- Theatrical release poster
- Directed by: Robert Butler
- Written by: Joe McEveety Arthur Alsberg Don Nelson
- Story by: Rod Piffath
- Produced by: Ron Miller
- Starring: Jim Dale Karen Valentine Don Knotts Jack Elam Darren McGavin
- Cinematography: Frank V. Phillips
- Edited by: Ray de Leuw
- Music by: Buddy Baker Walter Sheets (orchestration)
- Production company: Walt Disney Productions
- Distributed by: Buena Vista Distribution
- Release date: July 5, 1978;
- Running time: 90 minutes
- Country: United States
- Language: English

= Hot Lead and Cold Feet =

1978 film by Robert Butler

Hot Lead and Cold Feet (originally titled Welcome to Bloodshy) is a 1978 American comedy-Western film produced by Walt Disney Productions and starring Jim Dale (in triple roles), Karen Valentine, Don Knotts, Jack Elam and Darren McGavin.

==Plot==

Mayor Ragsdale and Sheriff Denver Kid meet wealthy businessman Jasper Bloodshy and his English butler Mansfield on the outskirts of the Wild Western town of Bloodshy in the Arizona territory.
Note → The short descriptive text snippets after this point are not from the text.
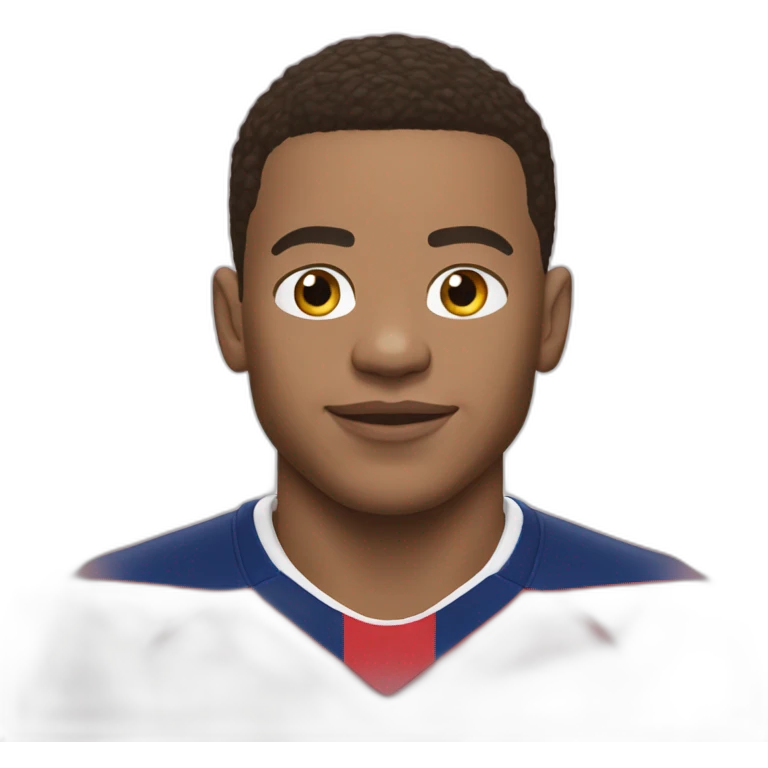 Mbappé  emoji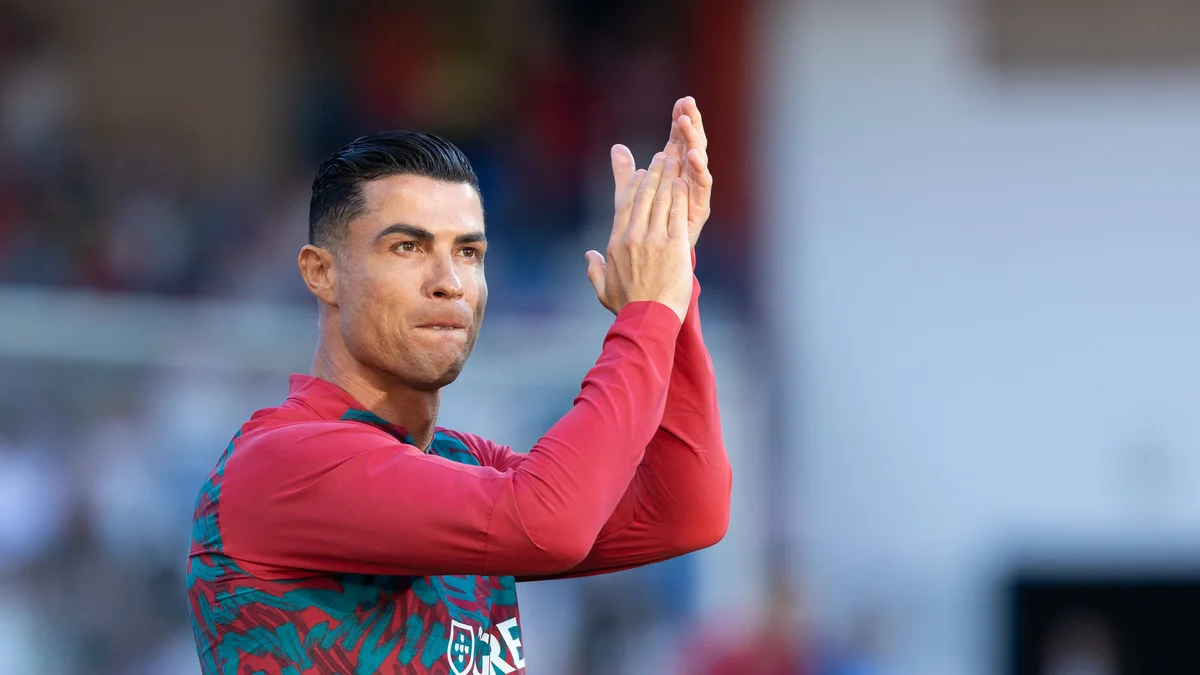 Cristiano Ronaldo Displays £22 Million Car Collection, Calls Them 'My Toys'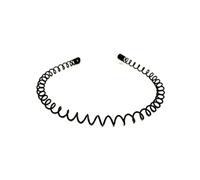 budiniao Bandeaux pour hommes noir ondulé bandeau printemps outils de beauté fiables modélisation du Invisible utilisation quotidienne fêtes anniversaires, Tapez 10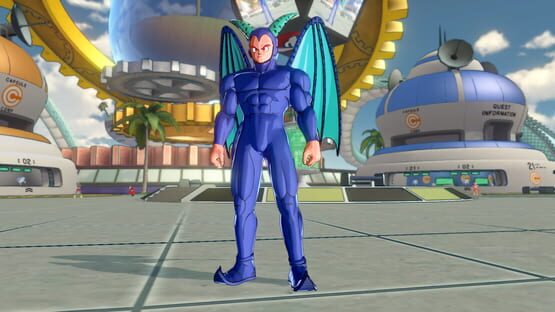 Dragon Ball: Xenoverse - GT Pack 1 screenshot 6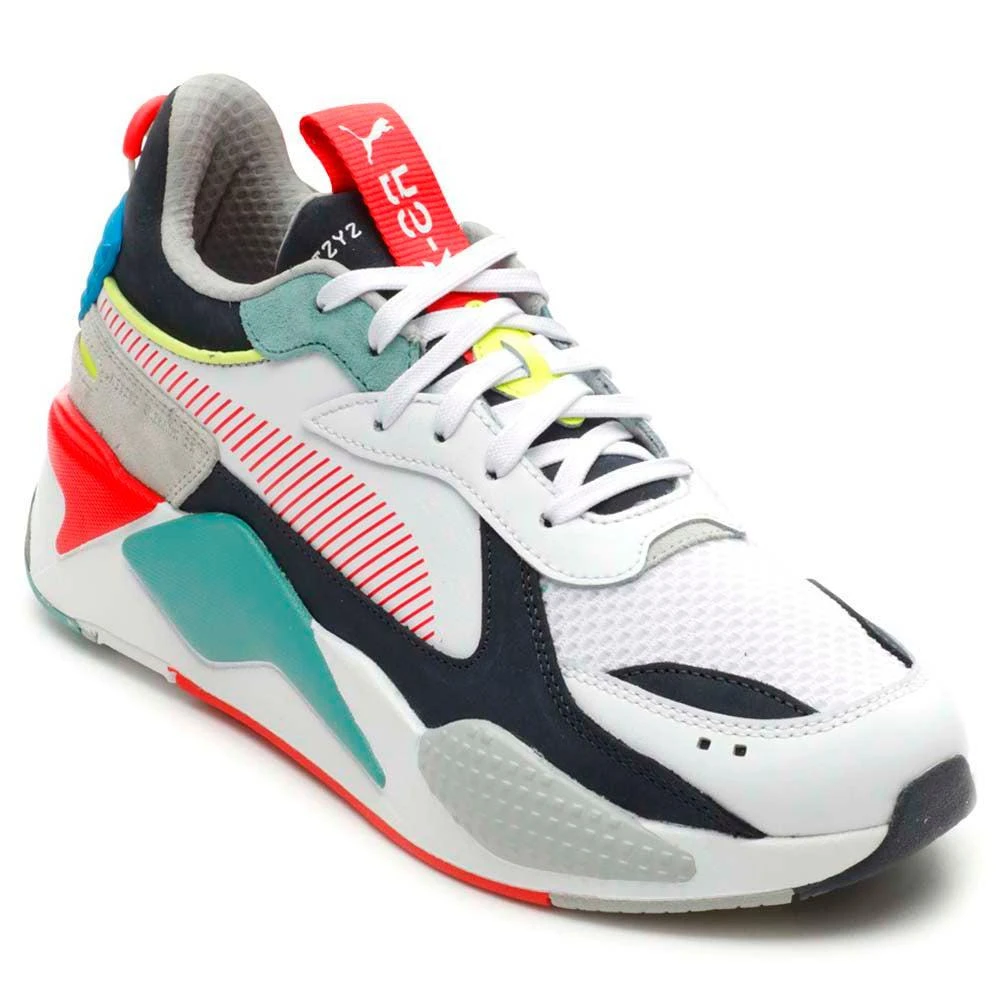 Puma Rs-X Parisian Lace Up Sneakers 2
Mansfield reveals that Bloodshy's doctors indicate he is severely ill and will die within two days. Surveying the land he will leave to his heirs, Bloodshy shocks the mayor and sheriff by revealing that in addition to his infamous gunslinger son Wild Billy, he has another son named Eli. Bloodshy's wife returned home to England with this second son after childbirth. After revealing that he wrote a new will to include both sons, a huge gust of wind blows Bloodshy into a gorge, presumably to his death.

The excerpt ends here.